The touring Club de France.

The advent of the Touring Club de France in the early 1890s strengthened the position of members (men and women) of cycling clubs more interested in leisure riding of all kinds, and gradually helped to make female cycling more acceptable. Cycling clubs were a key driver of the rise of sports in late nineteenth-century France: as cycling developed initially as a leisure and sporting activity that interested the leisured and moneyed classes, aristocratic and bourgeois clubs were set up, which helped to anchor the pastime socially, as well as contributing to the development of rules and regulations. The developing passion for cycling – frequently referred to at the time as “vélomanie” – and the requirement for sports clubs to be legally set up and approved by the authorities meant that cycling clubs led the way in developing models of organizing such associations. Progressively, the direct regulatory function of clubs over their members and sporting activities was taken over by regional and national federations, and as cycling democratized, clubs became progressively less socially restrictive and more numerous.

"L'entree de Georde de Berdon"

Le Véloce Club

The years from 1867 until the end of the 1880s essentially represent a period during which cycling as a social sporting activity undertaken in company with others was invented. The first French cycling clubs were set up in 1868, when a total of five clubs vélocipédiques were created. The oldest club is deemed to be the Véloce-club de Valence, which sought official approval for its activities in March 1868, closely followed by the Véloce-club de Paris, the Société des vélocipèdes du Tarn, the Parisian Société pratique du vélocipède and the Cercle des vélocipédistes de Carpentras. These five pioneer clubs were followed in 1869 by another 13 whose founding can be dated with reasonable certainty, such as the Véloce-club rouennais and the Véloce-club rennais, but in the early months of 1870, before the disruption to society caused by the Franco-Prussian war, only three clubs seem to have been set up. The war and defeat, the Commune and the change of regime dealt a severe blow to the development of cycling clubs during the 1870s, so much so that although 1868–70 had seen the creation of about 40 clubs in the period 1871–79 only six clubs were founded. Furthermore, the most favorable location, theoretically, for the early founding of a véloce-club would be a major urban centre possessing cycle shops, not distant from other towns or cities interested in cycling, open to new ideas by virtue of history or trade, and possessing a British expatriate community. 

Le Veloce Club Montalbanais in 1883

L’Union Vélocipédique de France

New clubs began to flourish again during the early 1880s when some 52 clubs appear to have been in operational existence, and enthusiasm for club cycling continued to grow in the later part of the decade, allowing the first Union Vélocipédique de France (UVF) register of clubs to record 70 adherents.
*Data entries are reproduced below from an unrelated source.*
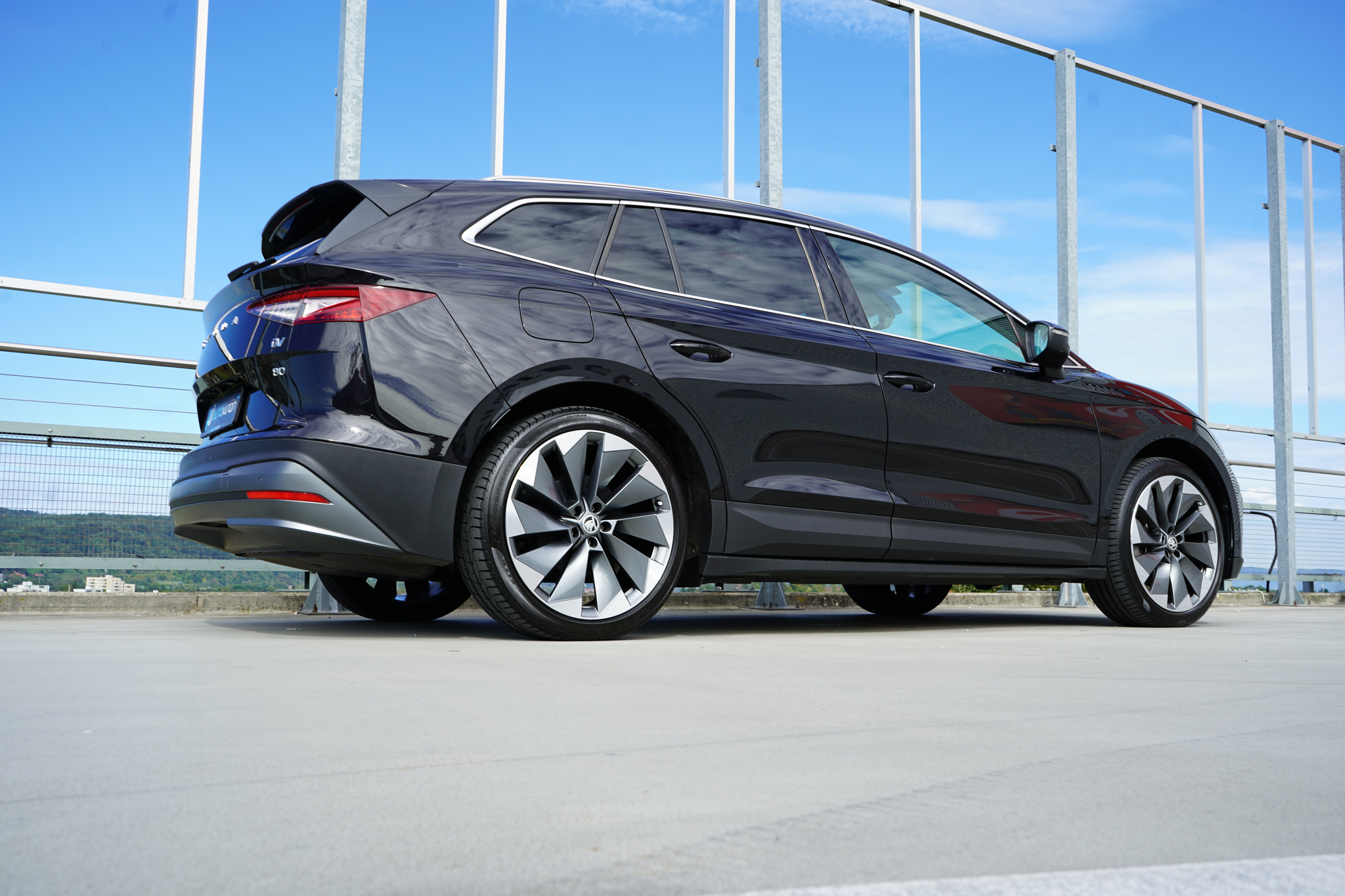 listing desktop thumbnail image 9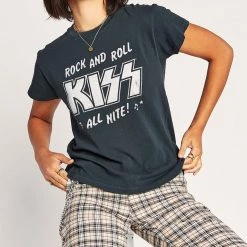 Daydreamer Kiss - All Nite Tour Tee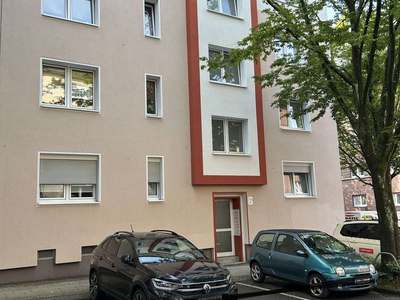 Wohlfühlen im Südostviertel – Charmante 3-Zimmer-Wohnung mit Balkon & EBK, ab 01.12.26 · frei ab 01.12.2026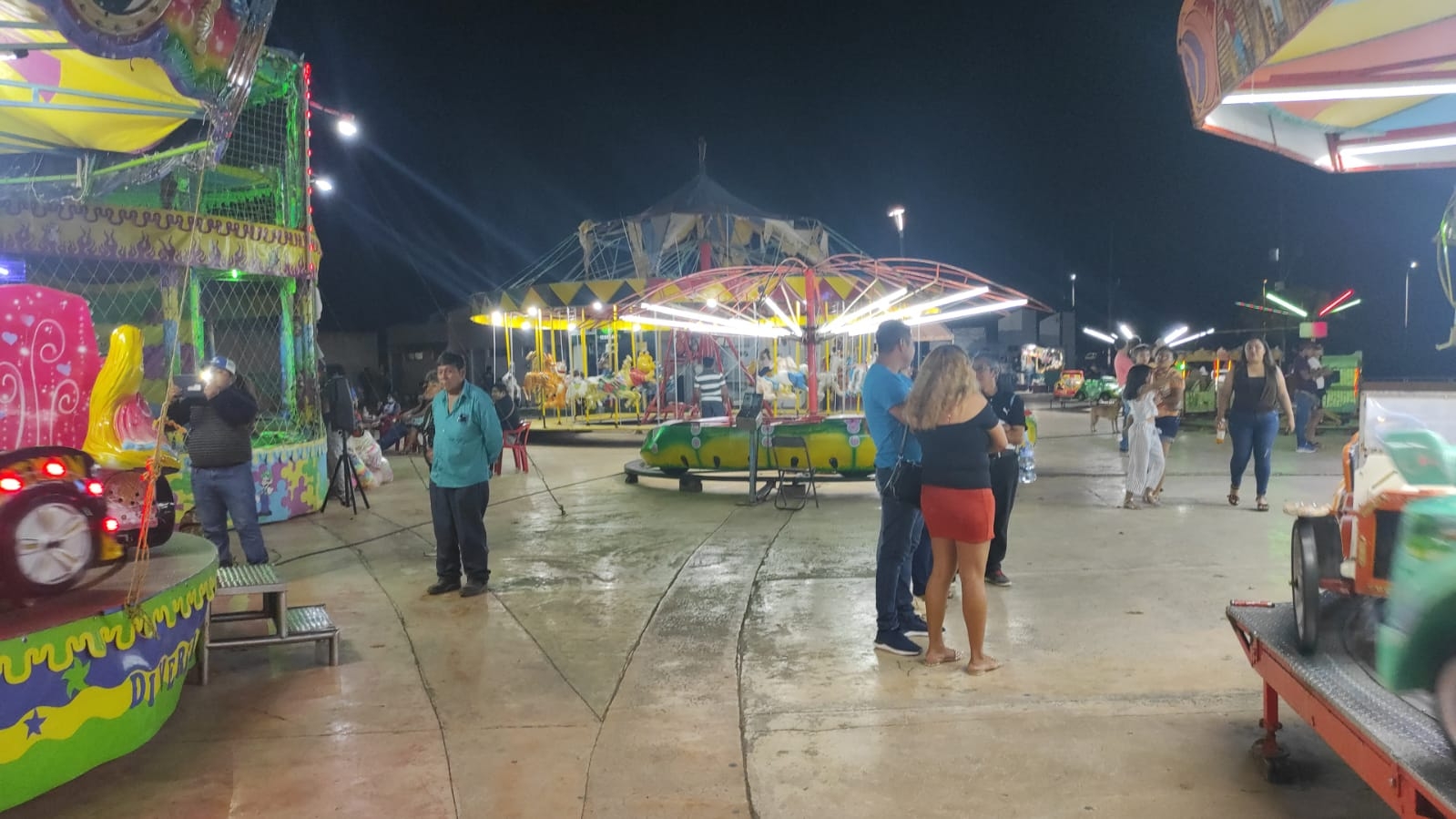 Familias se reúnen en el Parque Campeche este domingo: EN VIVO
Including with the UVF statistics all the other clubs that must have existed, by the late 1880s France could boast at least a hundred cycling clubs. 

‘Une sociabilité sportive une, fraternelle et égalitaire’ 

Véloce-club bordelaise, 1878

An interesting example of the creation and running of an early cycling club is the Véloce-club bordelais (VCB), founded in Bordeaux in 1878. Although the lifetime of the club was short (1878–92), in its 1880s hey-day it contributed much to the definition of French cycling overall. The club was officially authorized by arrêté préfectoral on 13 December 1878, and – among other achievements – its crowning glory was the creation of the Bordeaux–Paris race, first organized in 1891 and widely recognized today as marking the invention of modern cycle competition. Bordeaux in the latter part of the nineteenth century was a typically ‘open’ port city in terms of cultural influences and the national and social make-up of its population. It was just such cities, with their ‘élite de la bourgeoisie commerçante, le négoce des grands ports’, that were the home of new practices and trends in la vie mondaine. Particularly in this early period, however, it is perhaps fair to say that those who chose to ride bicycles were by definition passionate about the new sport and technology and were therefore more likely than not to be members of a véloce-club. Some categories of cyclist were also, of course, generally excluded from joining clubs, such as those below the age of 18 or women.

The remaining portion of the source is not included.